Arizona does not have its own law on the books concerning holiday pay for its workers. Whether or not employers pay employees holiday pay is solely at the employer’s discretion and enforcement is provided by the Industrial Commission of Arizona (ICA). They do, however, have to comply with the federal laws determined by the Fair Labor Standards Act (FLSA),
The Fair Labor Standards Act (FLSA), instituted in 1938, established a national minimum wage for employees, guaranteed time and a half for overtime in certain jobs, and prohibited most employment of minors. The FLSA does not require payment for time the employee does not work, including vacations and holidays. Holiday pay is generally agreed upon between the employer and the employee. There are exceptions for some salaried employees working in executive, administrative, professional and administrative positions as well as certain employees in computer-related positions. These employees must meet certain standards as well as being paid on a salaried basis at not less than $455 per week. An employee’s specific duties and salary must meet all the federal requirements in order to be exempt from the overtime rules including holiday pay.
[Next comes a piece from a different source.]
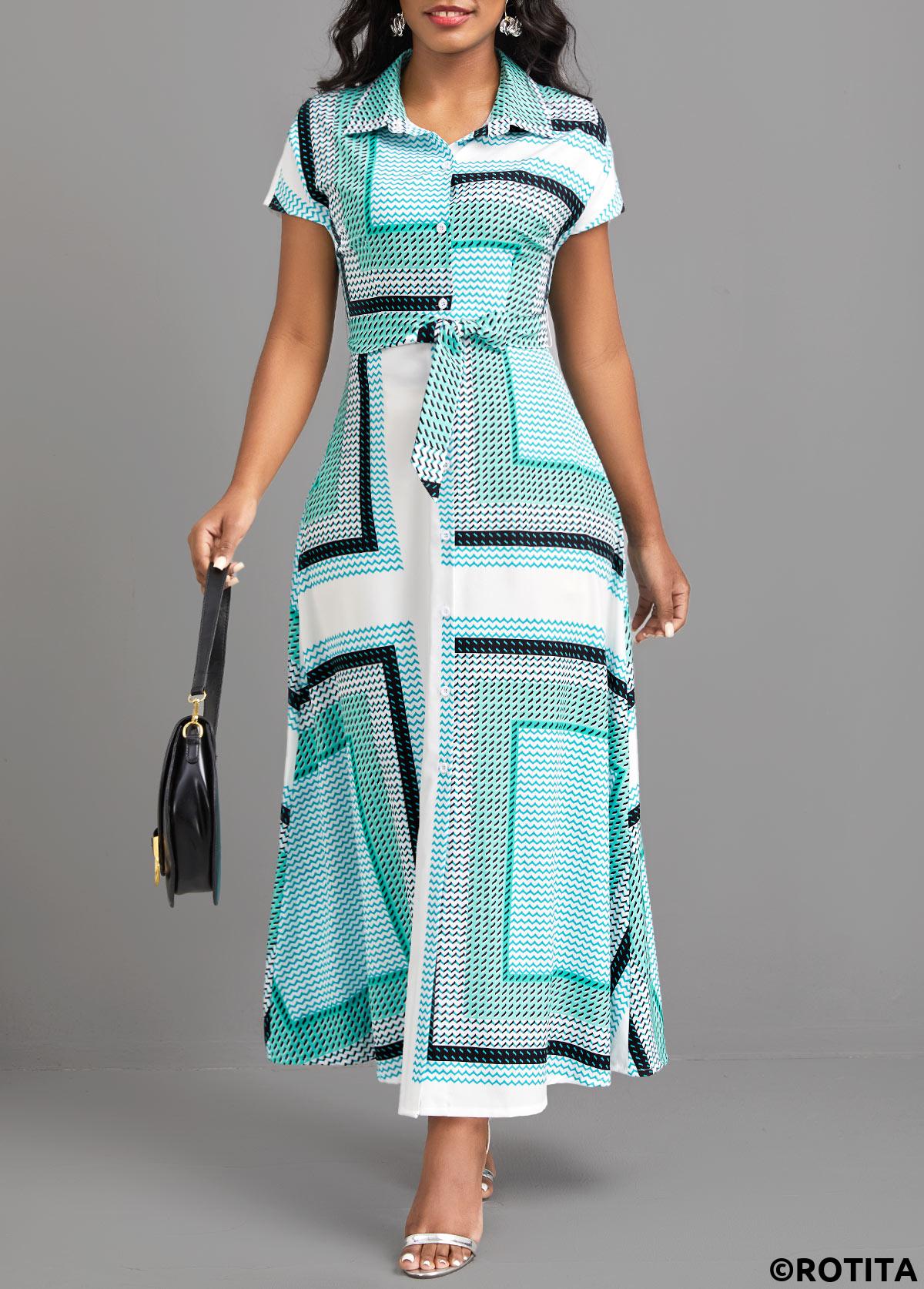 ROTITA Button Geometric Print Cyan Belted Maxi Dress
The Industrial Commission of Arizona (ICA) was created in 1925 in response to the establishment of a workers’ compensation system. Over the years, the ICA’s duties have expanded to include such issues as occupational safety, health, compliance responsibilities for youth employment laws, wage dispute resolution, injured workers issues, and workers’ compensation. Funded by an annual tax on workers’ compensation premiums, the ICA is overseen by a commission appointed by the governor and confirmed by the Arizona State Senate. Their goal is to enforce all applicable laws and regulations regarding “the protection of life, health, safety and welfare of employees within the state.”